I'm kind of bemused at the way this blog is turning out to have nothing whatsoever to do with diabetes. It's been at the center of my thoughts for several years now, and when I started writing here I couldn't imagine that not being the case. How quickly things have changed.

I anticipate a rough patch this afternoon, as I'm going to my (former) house to pick up--aha, here we go!--some insulin pump supplies I was too upset to remember on Wednesday. I expect that A may be there, in which case a difficult conversation may ensue. So I'm going to a meeting first to help bolster my courage.

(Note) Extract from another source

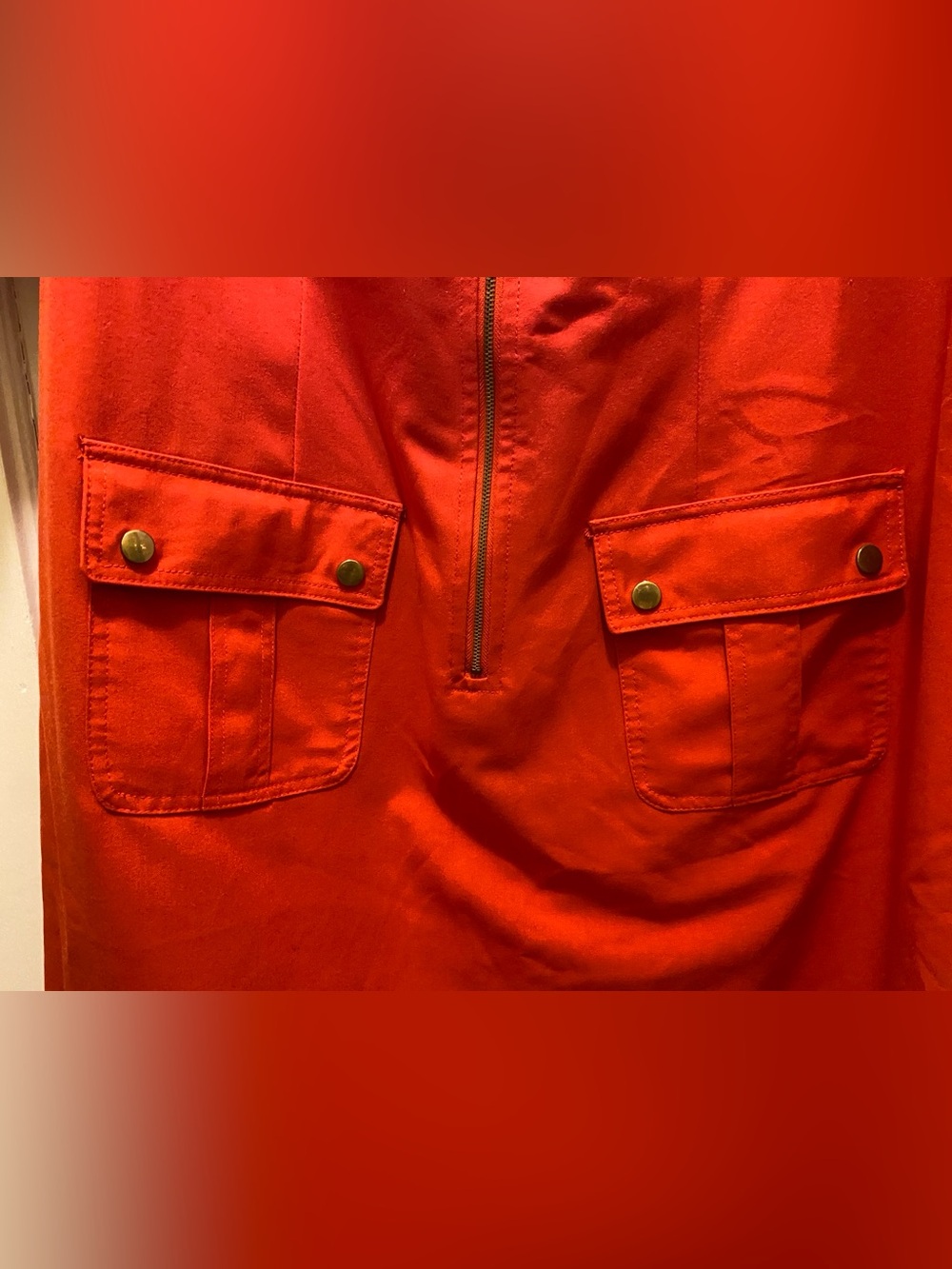 Sharagano Women's Bright Orange Utility Zip-Front Jacket Dress - Picture 4 of 16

The latter part of the day ought to be excellent, though. My brother and his wife are coming from Phoenix for Mother's Day. Just yesterday I finally told my brother about my alcoholism; he was the only significant person in my life I hadn't yet told. I was afraid to, honestly, because he's never forgiven our dad for his own addiction-related behaviors. Finally I wrote to him yesterday, not knowing he was planning to pop in this weekend. I laid it all out there and explained that I wasn't doing so by phone because I feel a lot of shame and a lot of fear over how he might react.

Bro's response was golden. Not disappointed, not angry, he said. Shocked, yes, but behind me 100% and very glad I'm taking action. Dismissed my self-comparisons to Dad, given that Dad never acknowledged having an addiction, never got treatment, and never truly grew beyond it despite occasionally drying up for periods ranging from months to a few years.

So, phew. Again I am so grateful for my family. We will take Mom to dinner at our favorite restaurant, no one will order wine, and tomorrow we'll have a yummy breakfast. It's good; life is good.